Cgil: spesa sociale tagliata del 78,7 per cento in un anno

Pubblicato il 8 Giugno 2011 - 13:00 OLTRE 6 MESI FA

ROMA – Addio welfare state in Italia. A fare le spese della crisi globale è lo “stato sociale europeo”. Lo dice il Rapporto sui diritti globali 2010 promosso da Cgil e alcune associazioni italiane, tra cui Arci, ActionAid, Antigone e Legambiente.

La spesa destinata ai servizi sociali è stata tagliata del 78,7 per cento, passando da 2.527 milioni stanziati nel 2008 ai 538 milioni della legge di stabilità 2011″.

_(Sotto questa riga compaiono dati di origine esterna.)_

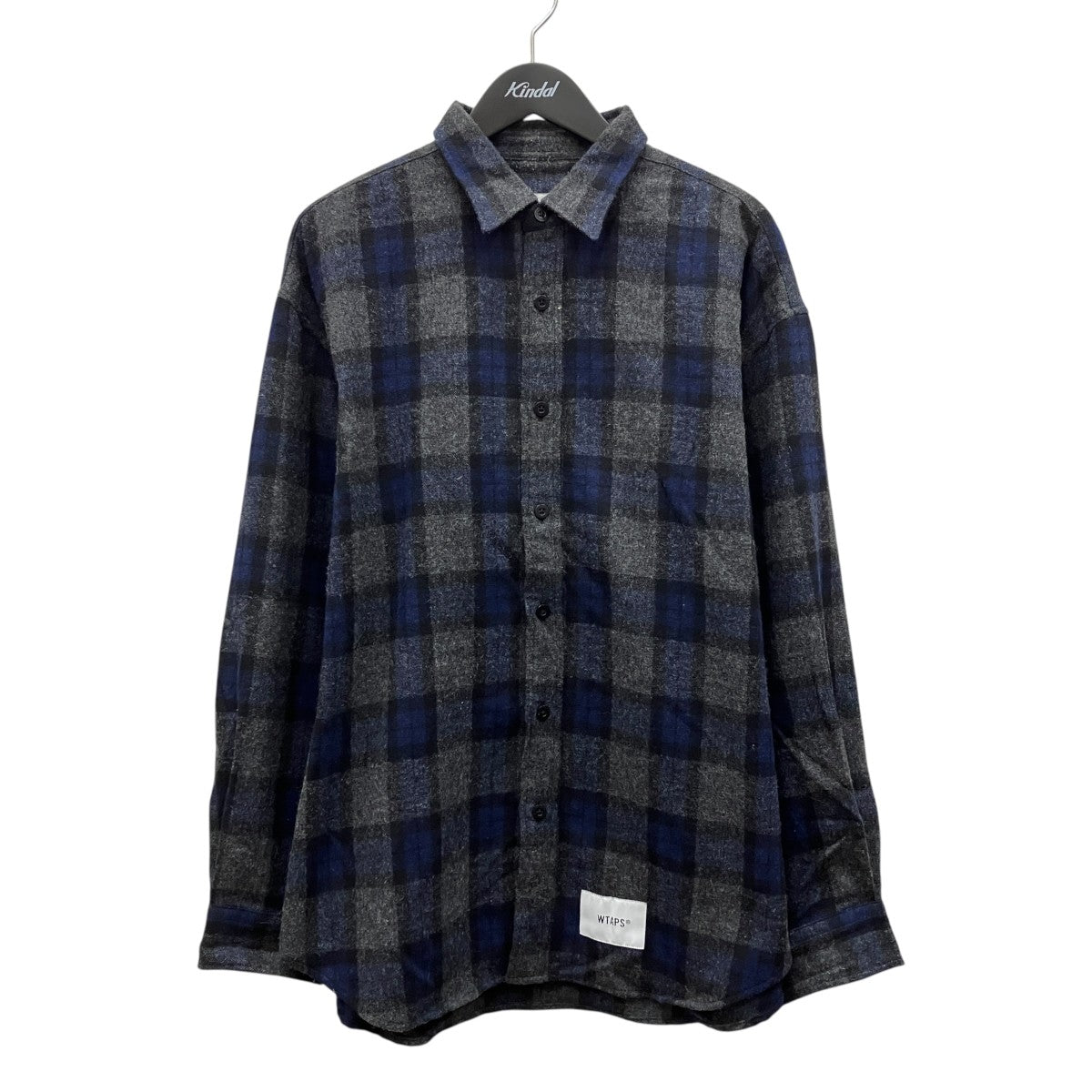 WTAPS 25AW TXT 01 LS WOPL． TWEED． TEXTILE． OF ／252TQDT-SHM03 古着・中古-1枚目のアイテム画像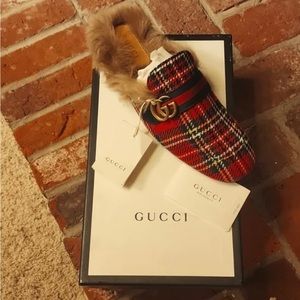 Gucci Princetown Plaid Slipper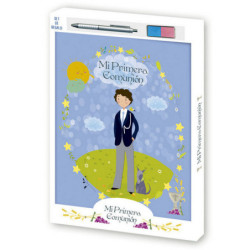 SET COMUNION NIÑO 42565 LIBRO CON BOLI Y TAMPON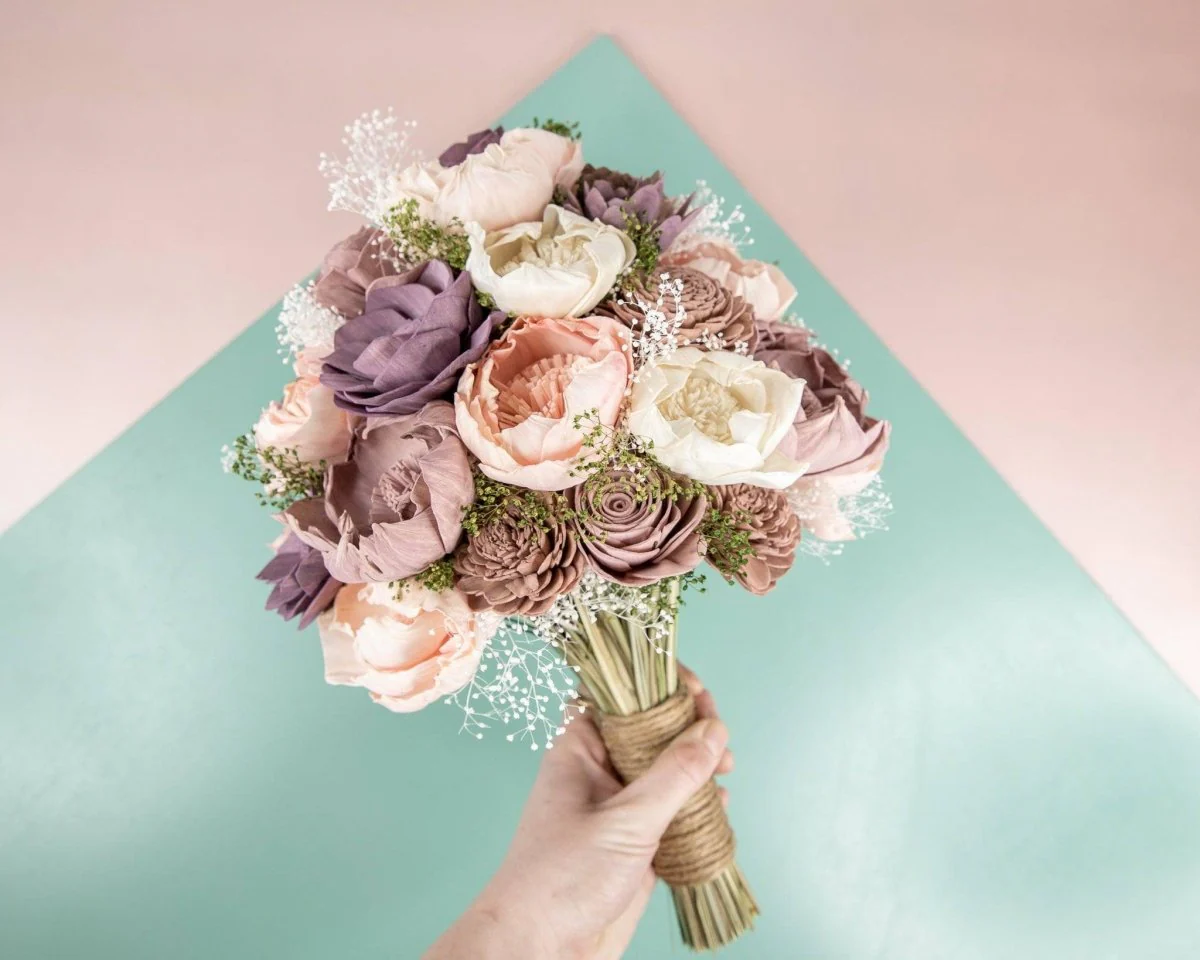 Rose Quartz - Finished Bouquet - Image 4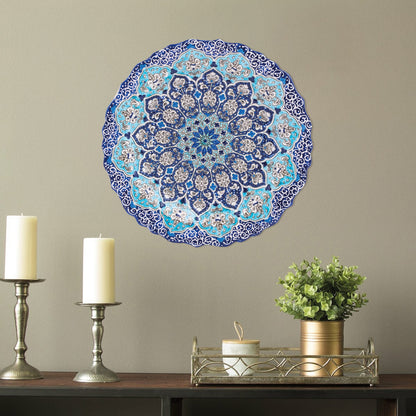 Ceramic Decorative Plate, Azure Bloom Decorative Plate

Il Fondo per le politiche sociali è passato dai 584 milioni del 2009 ai 435 del 2010 e arriverà nel 2013 ad appena 44 milioni. Il Fondo per la famiglia è passato dai 346,5 milioni del 2008 ai 52,5 milioni attuali (il taglio è del 71,3%). Il Fondo per l’inclusione sociale degli immigrati, finanziato nel 2007 con 100 milioni dal governo Prodi, è sparito, come il “piano straordinario di intervento per lo sviluppo del sistema territoriale dei servizi socio-educativi per la prima infanzia”, che aveva avuto 446 milioni nel triennio 2007-2209. Stessa fine per il “Fondo per la non autosufficienza”.

I paesi europei, dice il rapporto, citato da Repubblica, “stanno cercando di liberarsi dagli oneri derivanti dalla protezione degli strati sociali più deboli e dal mantenimento di una serie di servizi pubblici a suo tempo considerati essenziali per promuovere lo sviluppo economico-sociale e oggi ritenuti un fardello”.

I risultati di questa politica si vedono anche nei dati sulla povertà relativa, che oscilla tra il 10,2% e l’11,4% e negli ultimi anni è stabile. Peggiorano però le condizioni dei poveri, sempre più numerosi soprattutto al Sud, e aumentano i “vulnerabili”, cioè i candidati a diventare i prossimi poveri. Tra loro ci sono i bambini: il 22% dei minorenni vive in condizioni di povertà relativa in Italia e 650.000 (il 5,2%) in condizioni di povertà assoluta.

Quella dei più piccoli è una situazione legata a quella dei loro genitori: il 5,8 per cento dei cassintegrati ha figli. Chi perde il lavoro nel 72 per cento dei casi si trova già in una situazione difficile. E ci sono poi i “working poor”: lavorano, sì, ma guadagnano troppo poco. I working poor sono il 4 per cento al Nord e il 19,8 per cento al Sud.

Per molti, poi, la casa sta diventando un miraggio. Se l’81,5 per cento della popolazione ha una casa di proprietà, il 17,1 per cento in affitto si trova spesso in difficoltà. Gli affitti sono cresciuti senza sosta negli anni, con un aumento, tra il 1991 e il 2009, del 105 per cento. Per di più chi è in affitto è solitamente meno abbiente, e destina al canone il 31,2 per cento del proprio salario. Ecco giustificato l’aumento degli sfratti, cresciuti 18,6% nel 2008 rispetto all’anno precedente. Nei guai finisce sempre più anche chi ha acceso un mutuo: i mutui sospesi a fine 2010 sono stati 30.868, contro i 10.281 di inizio 2010.